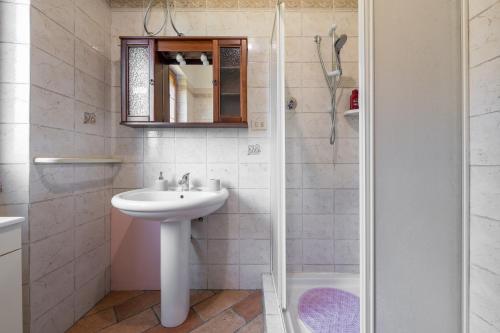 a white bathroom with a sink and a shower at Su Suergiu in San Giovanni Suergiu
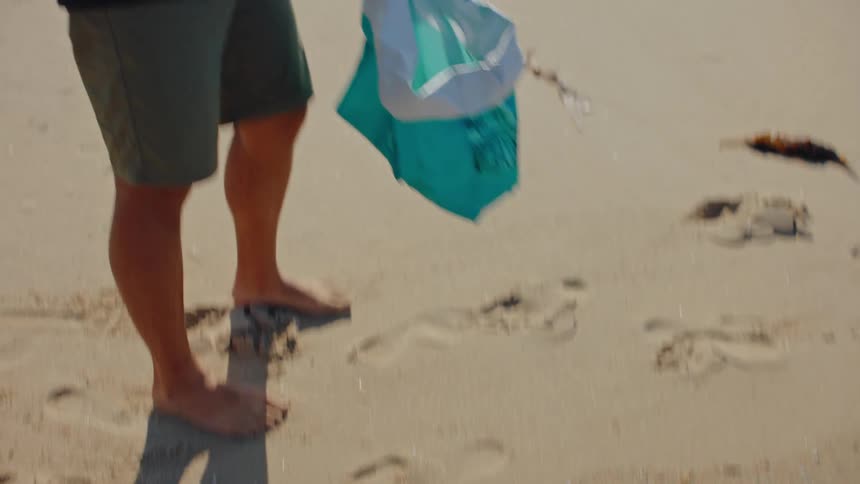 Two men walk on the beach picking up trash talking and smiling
----------------------------------------
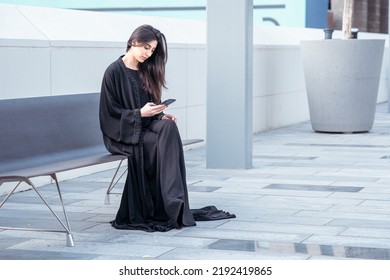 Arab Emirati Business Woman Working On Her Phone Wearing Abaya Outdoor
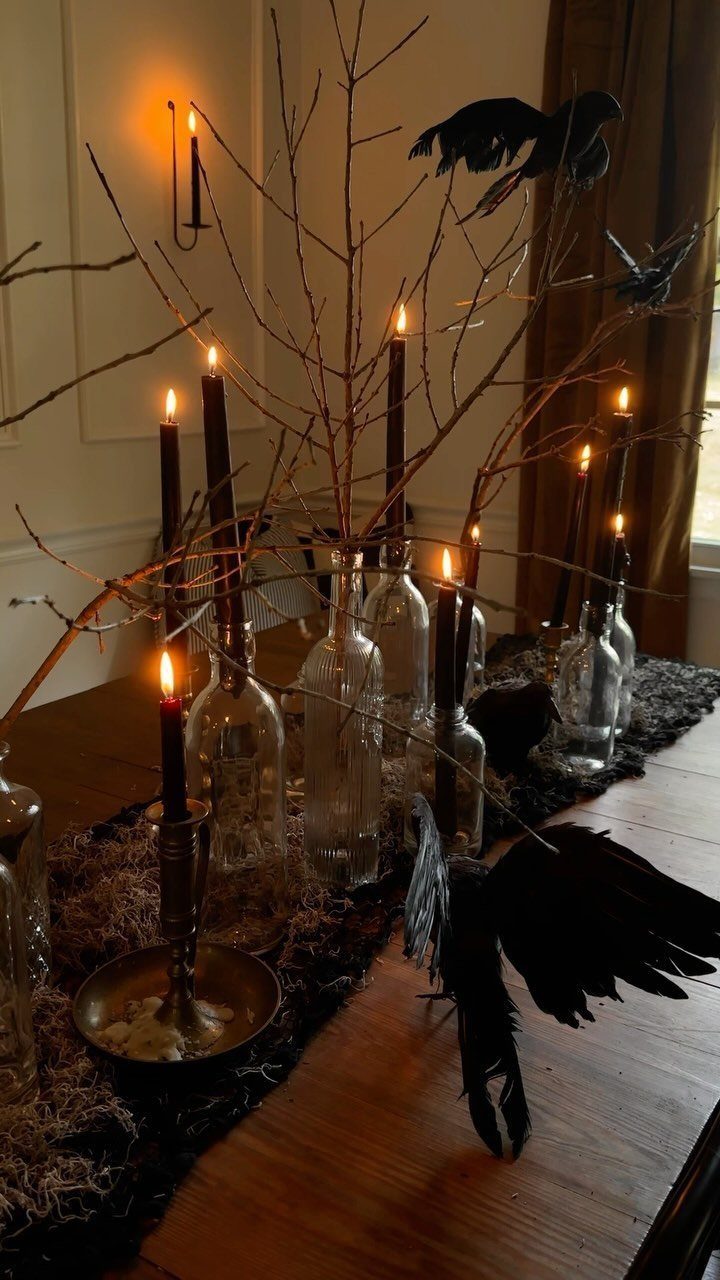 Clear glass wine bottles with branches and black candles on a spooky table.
----------------------------------------
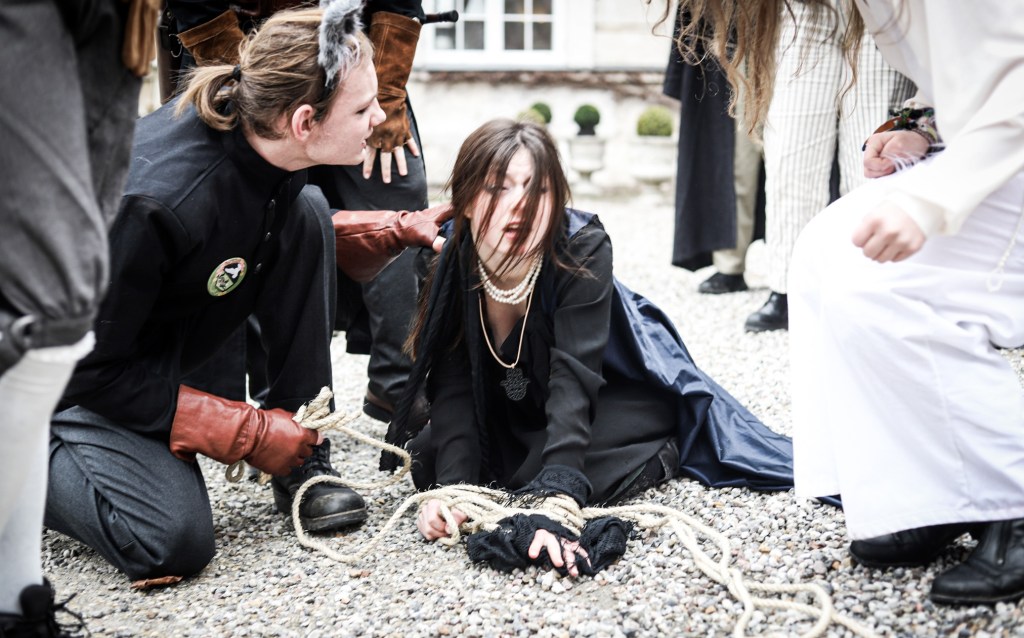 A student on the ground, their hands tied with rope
----------------------------------------
▶ [EXERCISE PROMPT] Print, exactly and with no pictures, the lines of the listing above starting at the one that has "a white bathroom" and ending at the one that has "Two men walk", both included.

▶ [WRITTEN ANSWER]
 a white bathroom with a sink and a shower at Su Suergiu in San Giovanni Suergiu
 Two men walk on the beach picking up trash talking and smiling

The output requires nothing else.